Work Yourself Out of A Slump

June 9th, 2015

Ever experienced a sales or business slump? Congratulations – you’re normal.

Everyone has a slump now and then. In business, just as in any other sport, turning around a slump starts in your head. Yogi Berra’s insights are equally true of a business slump:  “Baseball is ninety percent mental and the other half is physical.”

Moving out of a slump quickly requires mental work first, then action. So take Yogi’s advice and clear your thinking. These steps can help.

Remember Your Successes

A slump is temporary. Keep that in mind by remembering your peak times. Make a list of your top five sales or business successes. Replay how you felt and thought during each success. For example, several years ago I closed a major sale to a global beverage manufacturer over the phone. I never met the executive who made the buy decision in person, and that sale is one of my peak times. Make your own success list and review it periodically throughout your day.

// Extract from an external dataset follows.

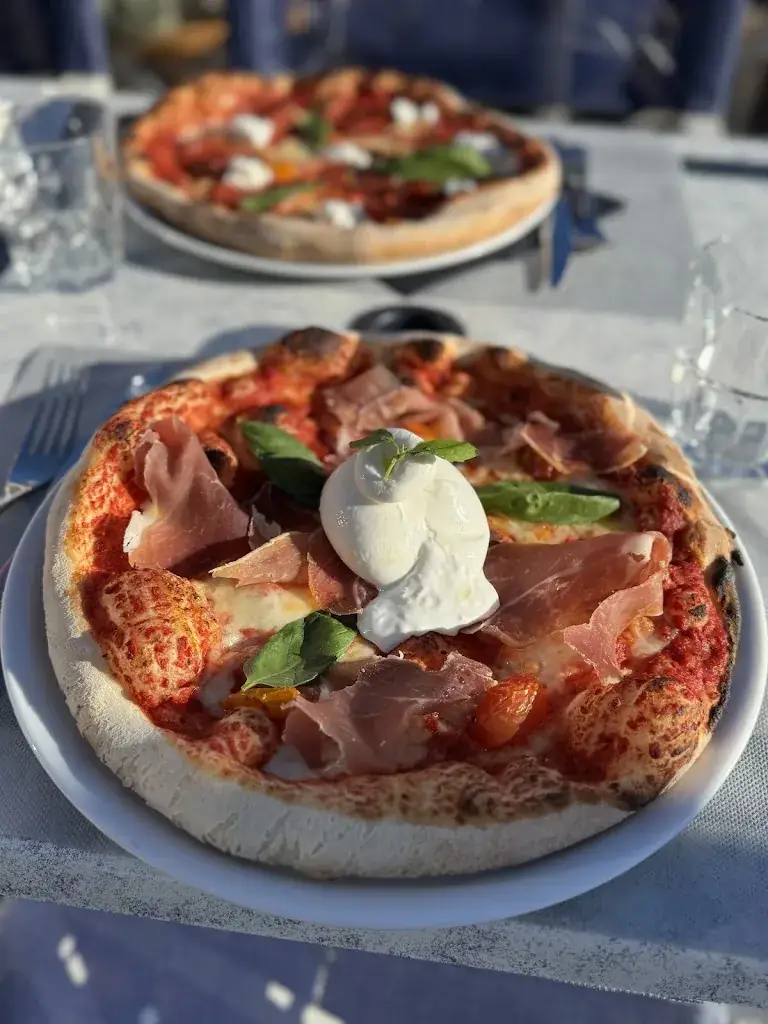 Menu_Le Rooftop_Belleville_immagine_3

Think Small: Set Micro-Goals

Take your thinking down a level or two – or three. A slump in sales or business can cause you to think about missing your quota and losing revenue, or the financial consequences of quota and revenue loss. That’s thinking big in a downward spiral. Save your big thinking for opportunities and growth. In a slump, it’s best to think small.

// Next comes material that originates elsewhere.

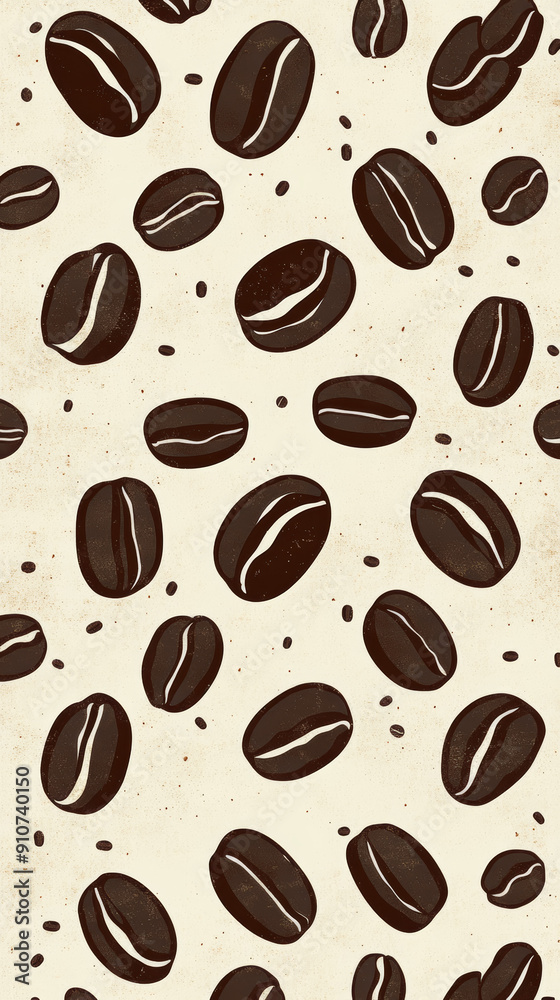 Cafe/lounge bar menu background, template Cafe/lounge bar menu background, template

Instead, set and accomplish micro-goals. Your goal for a three-hour morning timeframe might be to draft and send five emails and make ten follow-up calls. Document your results, and consider testing one adjustment in your next round prospecting or follow-up. Focus on setting and achieving your micro-goals until you begin to see positive results.

Get Four Points Every Day

A slump can lead to desperate and unproductive action. Jeffrey Fox, author of “How to Become a Rainmaker” (a classic must-read), suggests this simple daily strategy: Allocate one point for getting a referral to a prospect; two points for setting a meeting with a prospect, three points for meeting with a prospect (whether that’s in person, over the phone or via the web), and four points for closing a sale or taking an action leading to a sale. If you consistently focus on getting at least four points a day, you’ll build positive micro-results, which can lead to bigger, positive outcomes.

Get Back to Basics

When a ball player experiences a slump, a coach reviews mechanics. If you don’t have a business or sales coach, ask a friend or trusted business associate for insight. For example, if your target customer is an attorney, invite an attorney friend or two to lunch. Explore their perspectives on your product or service, how they perceive its value and how they respond best to inquiries. An informal lunch meeting also provides you with an opportunity to ask one of the most valuable business development questions: “Who else should I be talking to?”

In baseball as in business, a hitting streak is just one swing away. Replay your successes, set micro-goals, and focus on the basics – and your batting average will improve.